Nishant Bhanot, a Senior Sensing Systems Engineer at Waymo and an IEEE Senior Member, operates at this junction of sensing, perception and safety. His operating principle is direct: define perception requirements and validation thresholds as Service Level Agreements that tie to program Key Performance Indicators, then track their impact on reliability and Return on Investment as platforms move from pilot to scale.
Seeing What Matters, When It Matters
Elevating trust begins with measurable outcomes the public and regulators can verify. AAA’s latest survey shows only 13% of U.S. drivers would trust riding in a self-driving vehicle. The U.S. Automatic Emergency Braking (AEB) standard is designed to save at least 360 lives per year while pushing performance in higher-risk scenarios. Independent tests reflect the shift, with 22 of 30 newly evaluated models earning good or acceptable ratings in a tougher front-crash-prevention evaluation. Closing the gap between regulatory expectations and real on-road behaviour calls for grounded, disciplined systems engineering.

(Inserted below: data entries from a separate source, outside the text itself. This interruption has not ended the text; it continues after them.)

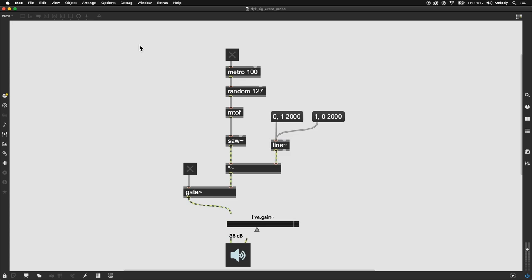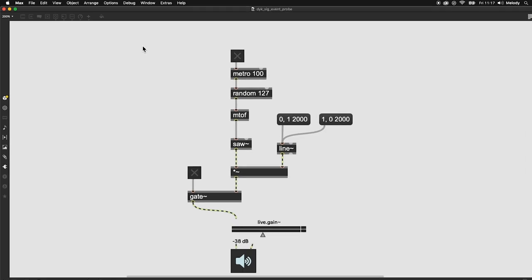Whether you're a seasoned pro or just getting started, Max's Event Probe and Signal Probe are great tools to have at the ready when patching, debugging, or performing analysis.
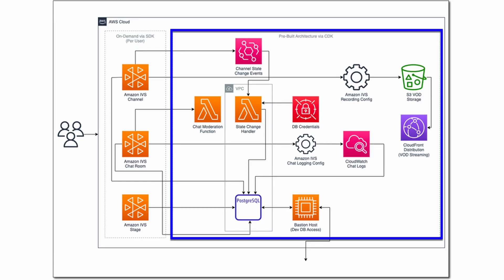This lesson provides an architectural overview of the StreamCat UGC application. The StreamCat application architecture is divided into two categories: a collection of pre-built resources that are deployed via the AWS Cloud Development Kit or CDK,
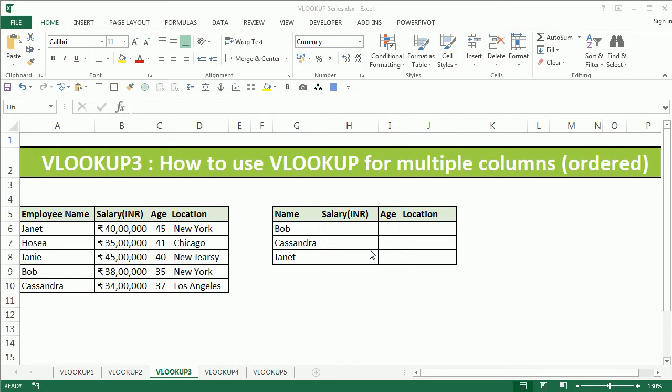Hi, this is the Cool Geek, and in this third video of the VLOOKUP series we're going to learn how to use the VLOOKUP function for multiple columns which are in order. If you want to learn how to use the VLOOKUP function for multiple lookup values, please do watch our second video of the series.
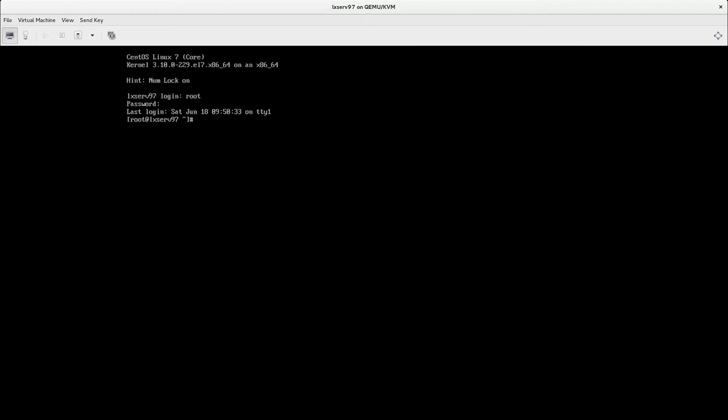In this video I will show you how to set up IP address, netmask, default gateway and DNS servers in Red Hat Enterprise Linux version 7 in less than one minute.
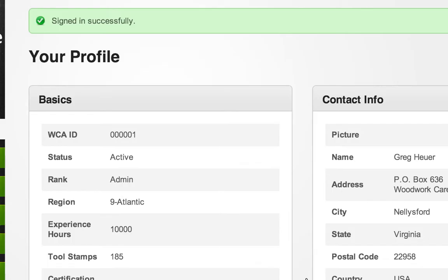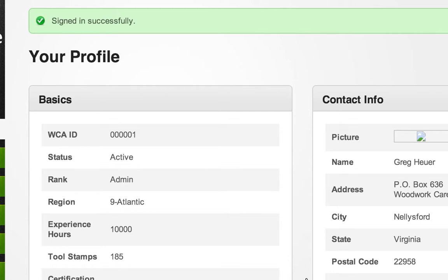Wait a few moments, and you will be rewarded with Signed In Successfully, and you'll be on the registry.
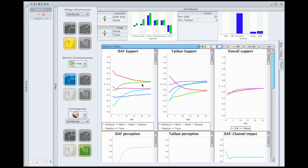To recap, this simple example has demonstrated how we've used Crimson to compare how different investment options affect support levels for coalition forces versus the Taliban, and how we were able to drill down either by village or by ethnic group to see what's happening at a lower level of detail and gain insight into the dynamics of the situation.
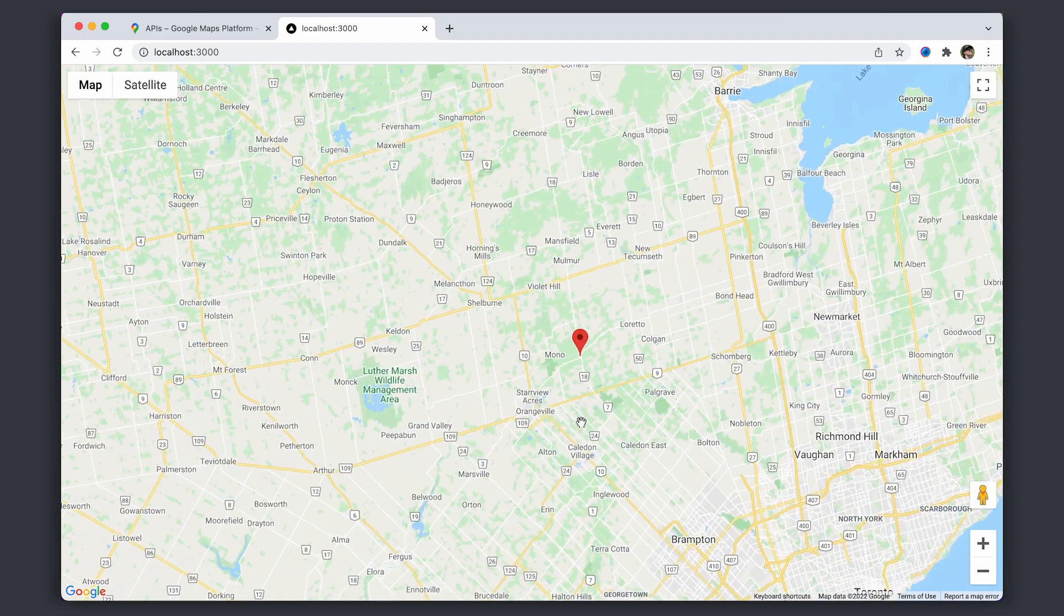So that's it, that's how to get up and running with Google Maps in React. Thanks!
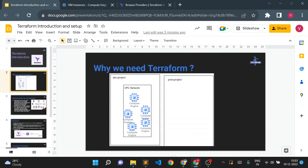A second use case: suppose you have a dev environment where you created 10-15 virtual machines, deployed your application, tested it successfully, and now want to migrate your infrastructure to production or a higher environment. Using Terraform, you can reuse your code from one environment to another by simply changing variables like project name or environment name. It is always recommended for production environments in organizations.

Bhanot’s work turns these expectations into architecture. At Waymo, he leads sensing and perception architecture for current and next-generation platforms by defining perception requirements, running trade studies and executing V&V strategies tied to safety and performance, so detection and classification remain stable across modalities, environments and operating domains. “Safety is specific. It is the right field of view, the right dynamic range and the right validation thresholds for the environments we actually drive. When those are explicit and enforced, trust follows,” notes Bhanot.
Inside the Sensor Stack, From Pixels and Points to Decisions
The driving perception problem is defined by the diversity of scenarios an automated system must read correctly. Euro NCAP 2025 (European New Car Assessment programme) low-speed protocol specifies 10 pedestrian and cyclist scenarios that capture intersections, reversing and dooring cases. The U.S. rule on automatic braking requires systems to avoid collisions at speeds up to 62 mph and detect pedestrians in both daylight and darkness. At the same time, the Federal Highway Administration notes that the nighttime roadway fatality rate remains roughly 3 times higher than daytime, reinforcing the role of sensor fusion across lighting extremes. To detect a pedestrian in darkness where a camera loses reliability, the system needs fused inputs from sensors that read the world through different physics.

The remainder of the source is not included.